• What is required: Retype the lines below exactly, from the one that contains "-野人牧坊Gelato(天津南开大悦城店)" through the last, and leave every picture out.

========================================

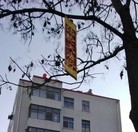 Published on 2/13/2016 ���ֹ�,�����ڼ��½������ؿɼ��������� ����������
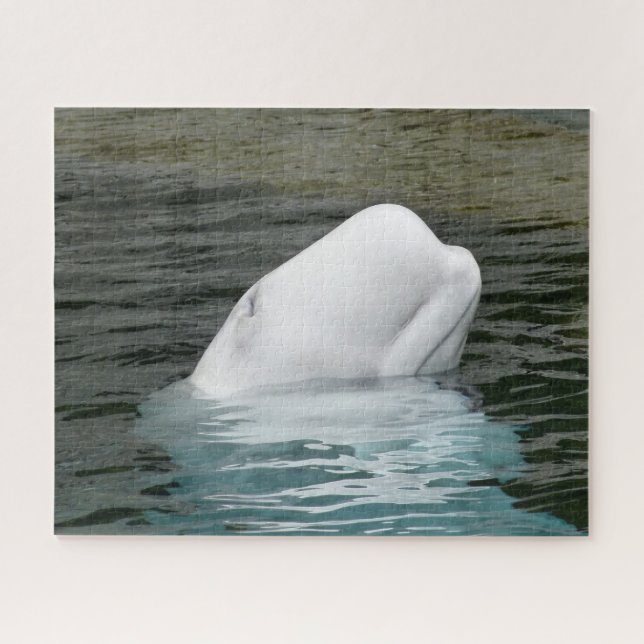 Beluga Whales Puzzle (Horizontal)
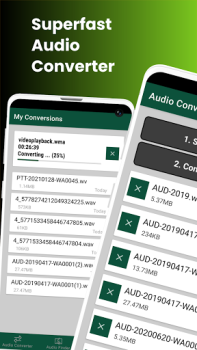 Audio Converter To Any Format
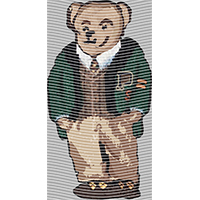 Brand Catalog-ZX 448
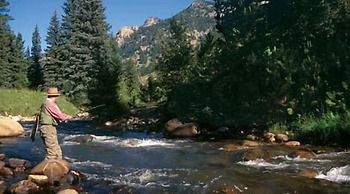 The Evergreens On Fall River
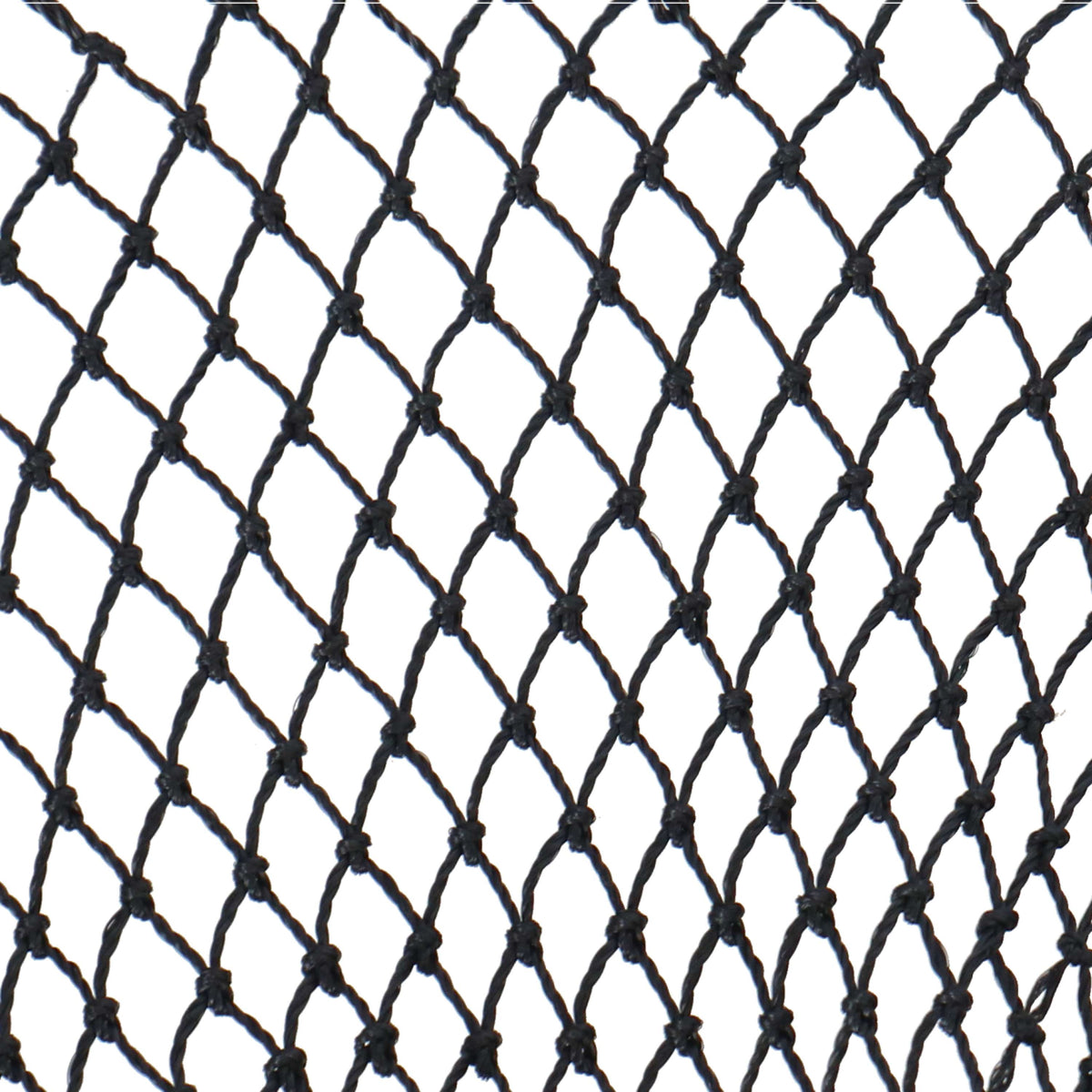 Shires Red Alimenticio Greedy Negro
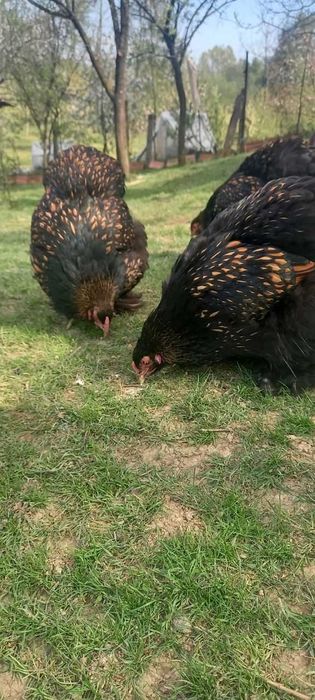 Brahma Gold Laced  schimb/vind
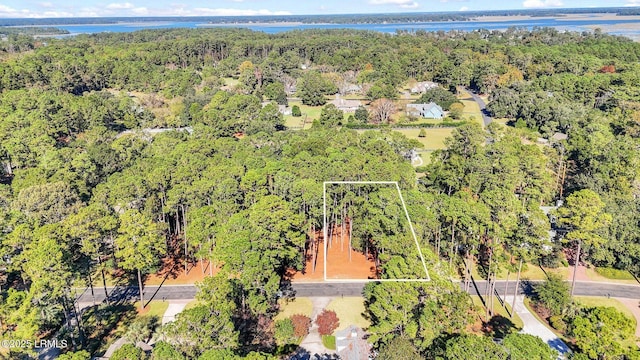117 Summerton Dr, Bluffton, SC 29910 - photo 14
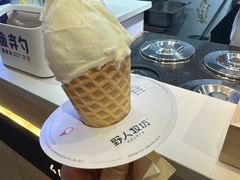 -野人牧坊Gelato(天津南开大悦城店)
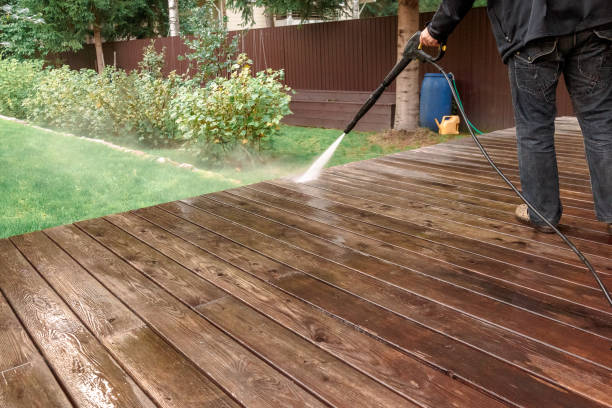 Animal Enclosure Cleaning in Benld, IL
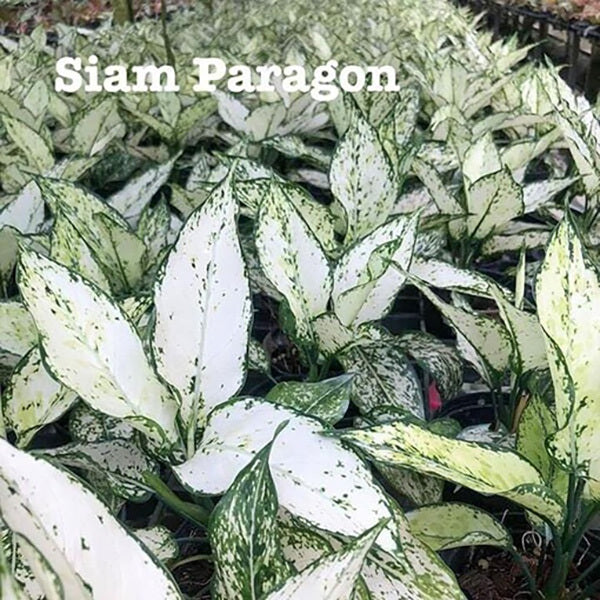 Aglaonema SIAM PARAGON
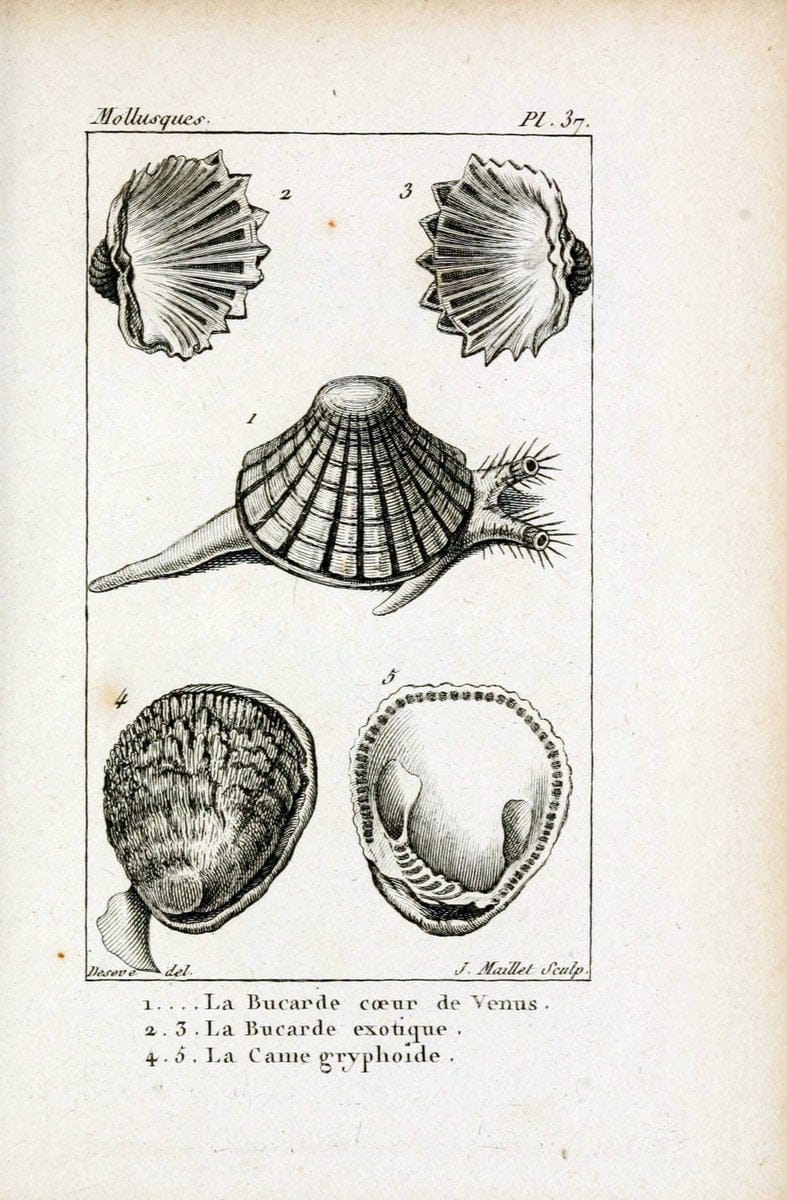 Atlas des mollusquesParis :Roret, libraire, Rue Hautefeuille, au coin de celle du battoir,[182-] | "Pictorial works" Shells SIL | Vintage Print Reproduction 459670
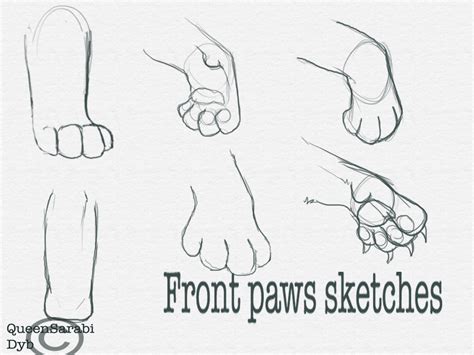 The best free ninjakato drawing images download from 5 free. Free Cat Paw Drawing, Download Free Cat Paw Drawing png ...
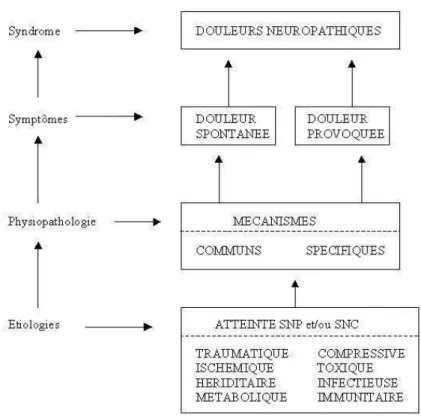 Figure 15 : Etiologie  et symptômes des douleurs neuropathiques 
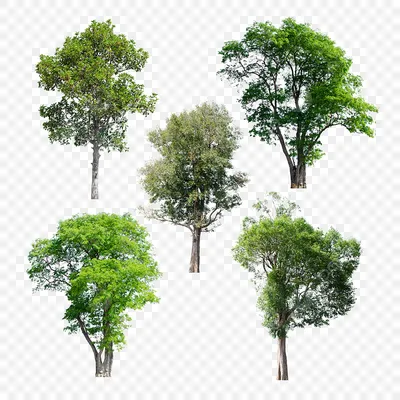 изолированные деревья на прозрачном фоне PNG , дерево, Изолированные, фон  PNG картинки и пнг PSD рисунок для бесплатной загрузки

========================================

• Exercise result:
 -野人牧坊Gelato(天津南开大悦城店)
 Animal Enclosure Cleaning in Benld, IL
 Aglaonema SIAM PARAGON
 Atlas des mollusquesParis :Roret, libraire, Rue Hautefeuille, au coin de celle du battoir,[182-] | "Pictorial works" Shells SIL | Vintage Print Reproduction 459670
 The best free ninjakato drawing images download from 5 free. Free Cat Paw Drawing, Download Free Cat Paw Drawing png ...
 Figure 15 : Etiologie  et symptômes des douleurs neuropathiques 
 изолированные деревья на прозрачном фоне PNG , дерево, Изолированные, фон  PNG картинки и пнг PSD рисунок для бесплатной загрузки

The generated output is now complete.